Magnus Lyckå <magnus at thinkware.se> writes:

> Martin v. Loewis wrote:
> 
> > It's a known limitation, also it is not clear what the solution should
> > be.
> 
> 
> Well, actually it was very simple. Just enable the locale in
> site.py. (Thank's Oleg.)

That's a work-around, not a solution. For most cases, I strongly
discourage changing the site default encoding. In turn, program that
may work in some way on your installation will work differently on
different installations.

> > If you type "funny characters" in IDLE, Tk will represent them as
> > Unicode strings (in fact, it represents *all* strings as Unicode
> > strings).
> 
> 
> Aha! But is this new? 

Tcl uses Unicode internally starting with 8.0. Since 8.1, it uses
proper Unicode objects (in 8.0, it uses UTF-8 only).

> What puzzled me was that this always worked before. (As long as used
> IDLE at least--six years?)

Yes, in the past, both Tcl and Tkinter would use the locale's
character set automatically. This has changed.

> > # ... 8-bit characters may be used in string literals and
> > # comments but their interpretation is platform dependent;
> 
> 
> Raising an exception is not what I expect when I read "interpretation
> is platform dependent". I only assume it would mean that I can't assume
> that ord(x) would have a particular value for x = 'ä'

Yes, that is how you could interpret it. You could also interpret it
as allowing an implementation to refuse certain input.

> That doesn't help one tiny bit. I still don't know what print "\0xd5"
> 
> will look like if I don't know the locale settings. Besides, the error
> in IDLE is the same due to this silent unicode-string translation.

There is no "silent Unicode translation". The text you type *is*
Unicode; no conversion needed.

> > Under PEP 263, some of the current restrictions will be removed, so
> > that you can put those characters into Unicode literals. Putting them
> > into string literals still won't be supported.
> 
> 
> But... It's always been supported!!! 

Not really. In a European Windows installation, with Python 1.5, try
inserting Cyrillic characters into your window.

> Until now. I hope you don't imply that it will stop working, even if
> you set default encoding?

Using non-ASCII characters in source code without a declared encoding
will be deprecated, and will eventually be an error, yes. What to do
with IDLE (or any other form of interactive prompt) is still an open
issue.

> So, when will Python be all Unicode, and the 7-bit legacy put on
> the same scrap pile as all 7-bit hardware? 

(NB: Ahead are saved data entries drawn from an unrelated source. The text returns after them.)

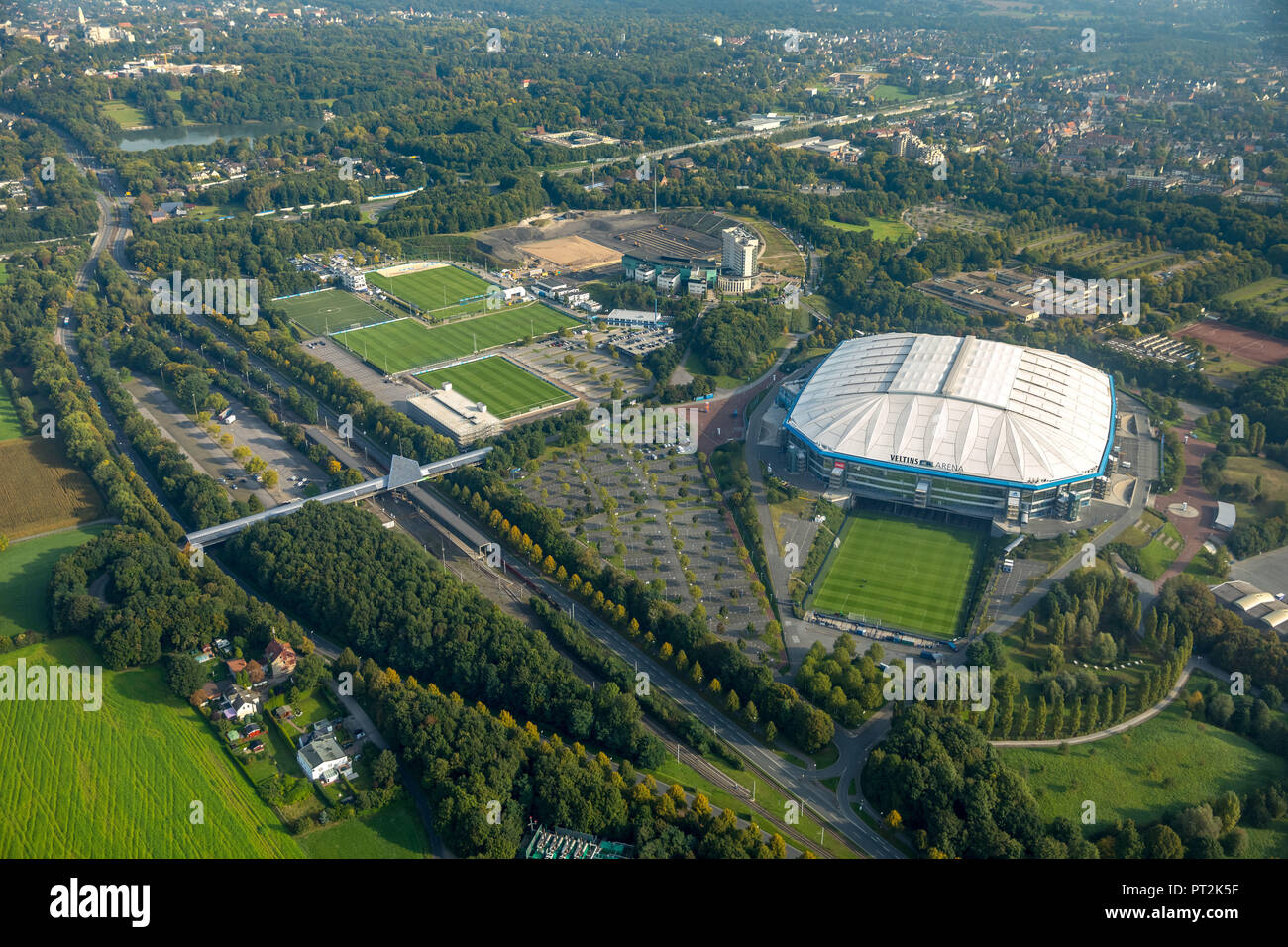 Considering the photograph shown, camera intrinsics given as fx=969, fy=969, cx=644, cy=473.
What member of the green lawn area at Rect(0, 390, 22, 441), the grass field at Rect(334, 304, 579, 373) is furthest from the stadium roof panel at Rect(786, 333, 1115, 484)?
the green lawn area at Rect(0, 390, 22, 441)

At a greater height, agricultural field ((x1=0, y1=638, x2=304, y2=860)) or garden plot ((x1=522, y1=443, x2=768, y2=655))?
garden plot ((x1=522, y1=443, x2=768, y2=655))

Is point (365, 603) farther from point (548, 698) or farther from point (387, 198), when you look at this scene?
point (387, 198)

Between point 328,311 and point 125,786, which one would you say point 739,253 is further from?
point 125,786

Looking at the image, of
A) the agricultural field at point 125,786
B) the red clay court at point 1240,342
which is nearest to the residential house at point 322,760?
the agricultural field at point 125,786

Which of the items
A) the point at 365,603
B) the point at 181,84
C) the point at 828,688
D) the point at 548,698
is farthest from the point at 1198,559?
the point at 181,84

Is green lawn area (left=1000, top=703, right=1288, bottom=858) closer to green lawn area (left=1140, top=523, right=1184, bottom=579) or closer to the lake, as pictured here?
green lawn area (left=1140, top=523, right=1184, bottom=579)

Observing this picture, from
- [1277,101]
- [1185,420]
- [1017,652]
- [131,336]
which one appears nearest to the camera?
[1017,652]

The tricky question here is: What means "all Unicode" to you? If you
mean that all string literals are Unicode literals - you would not
like that. Just try invoking 'python -U'.

In a file, you will always have byte sequences, not 'Unicode'. This
won't change in our lifetimes (and it won't change in the life time of
your son, either). So you will always be faced with the problem of
converting byte sequences to characters, which will might always give
strange results when done automatically.